In a scaled scenario, following sequence observed
- NHR route present (resolved/valid)
- NHR is deleted (withdrawn from ZEBRA)
- NHR is advertised to ZEBRA
- P1 is advertised.
Result: P1 resolved/valid in BGP, but inactive in ZEBRA.
ANALYSIS:
Behaviour for each step:
in step 1: after early processing, route is added to "META QUEUE" and waiting
in step 2: after early processing, try to add route to "META QUEUE" but fails as "rn" already present.
while NHT still awaits main processing, step 3 is kicked in
in step 3: P1 is received, BGP processes it, marks it valid (As NHR route was already available). BGP sends update to ZEBRA.
ZEBRA receives it and processes, and now it determines that NHR is inactive (REMOVED flag) and marks it inactive.

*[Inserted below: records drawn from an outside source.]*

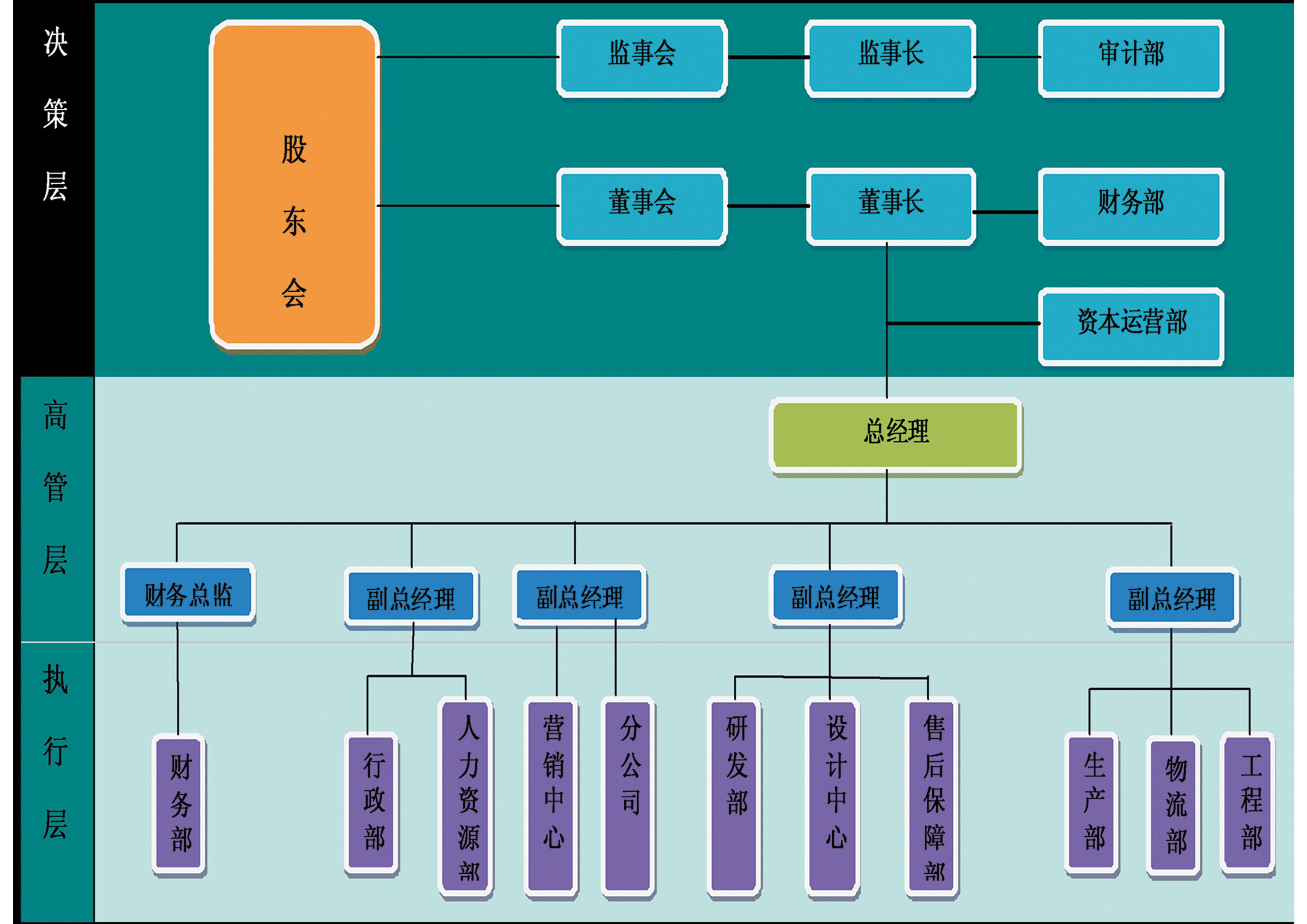 组织架构|组织架构-内蒙古晶新科技有限责任公司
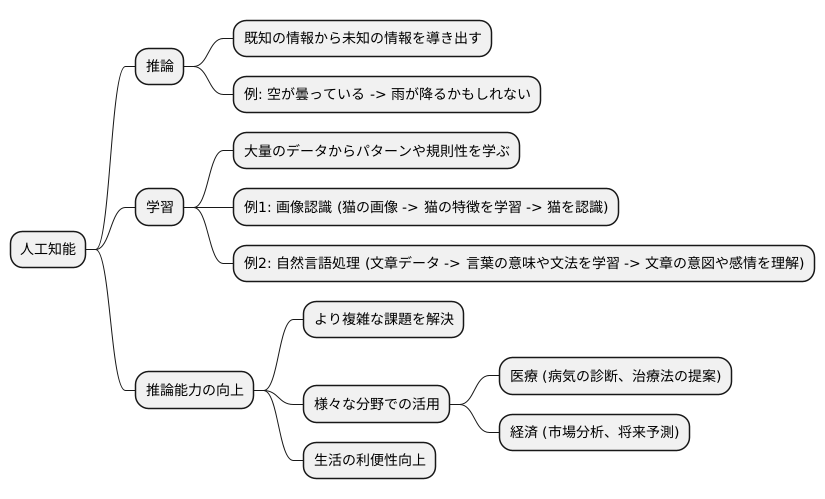 人工知能と推論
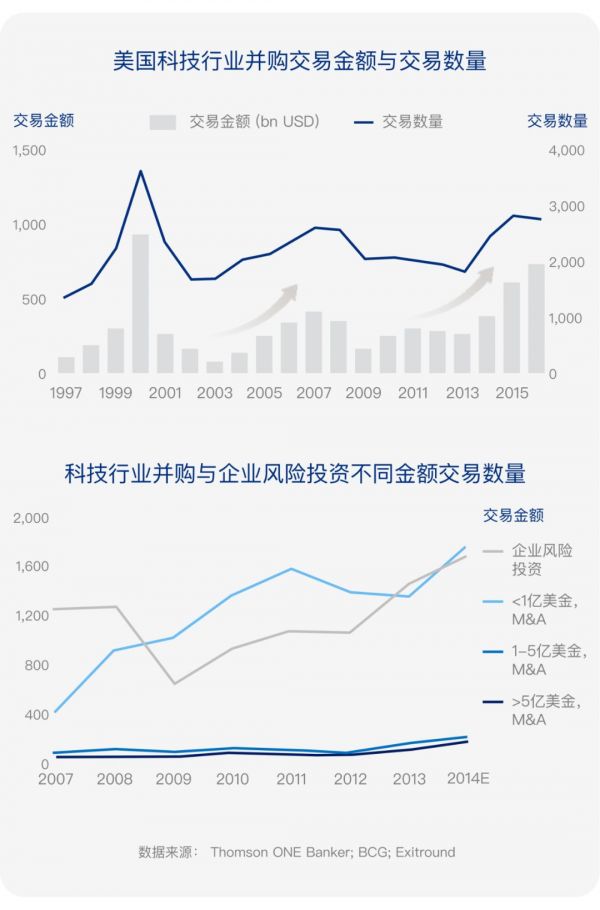 泰合资本陈治平：详解“并购新常态”下的战略选择及交易要点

After sometime, META QUEUE process the input of NHR and finally marks it active; however this information it not passed back to clients (BGP) as there is no change in nexthop params. It however sends an ROUTE_UPDATE to kernel.

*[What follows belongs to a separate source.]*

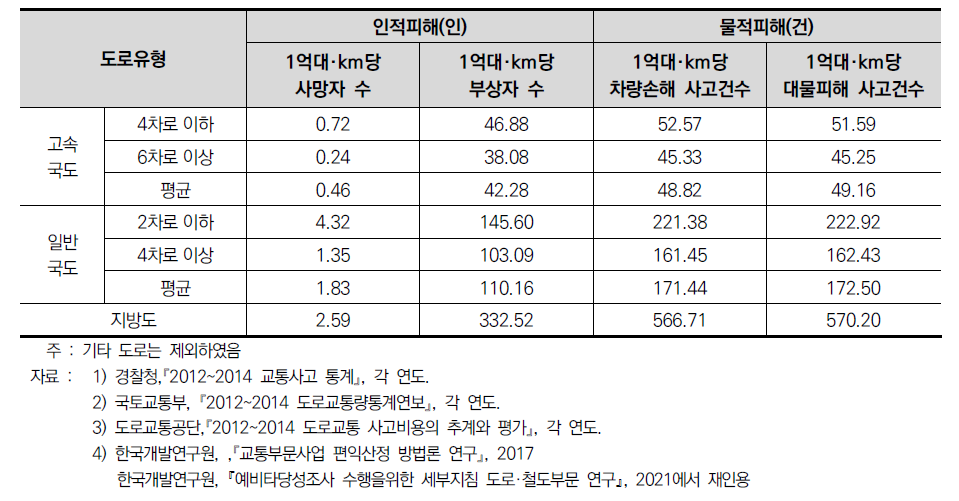 도로유형별 교통사고 발생비율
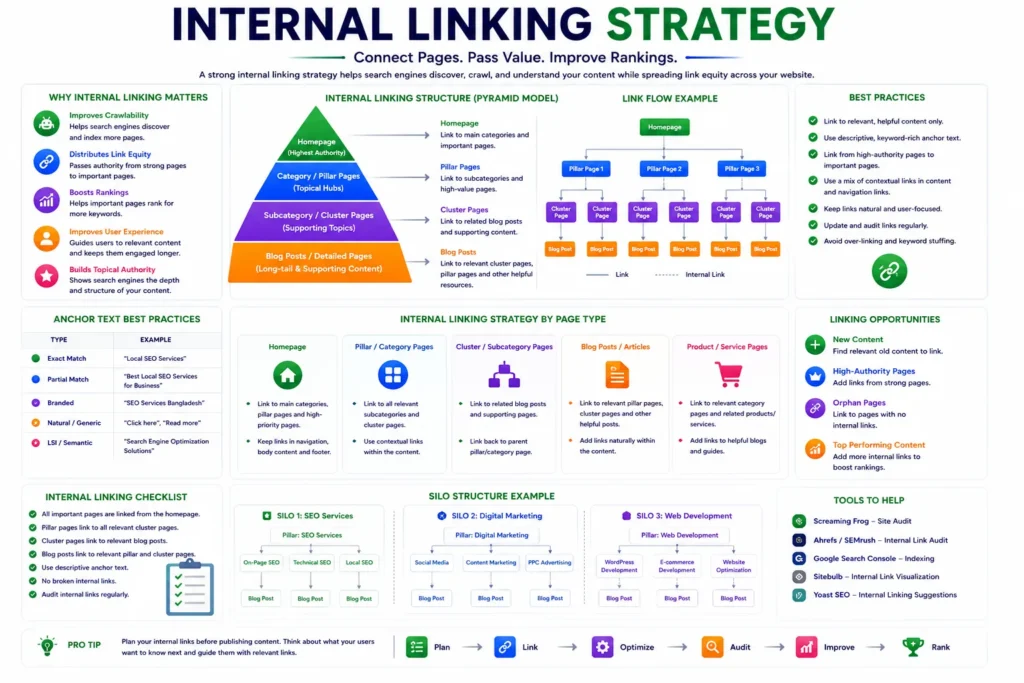Internal Linking Strategy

To recover from this state, need to withdraw and re-advertise NHR.
we are trying to fix it from our end, let me know if this was already known/fixed (though I have searched for existing issues, but couldn't find an exact match)
Version
stable/9.0
How to reproduce
mentioned in description
Expected behavior
route to be actuve in ZEBRA as well.
Actual behavior
route inactive in ZEBRA
Additional context
No response
Checklist
- I have searched the open issues for this bug.
- I have not included sensitive information in this report.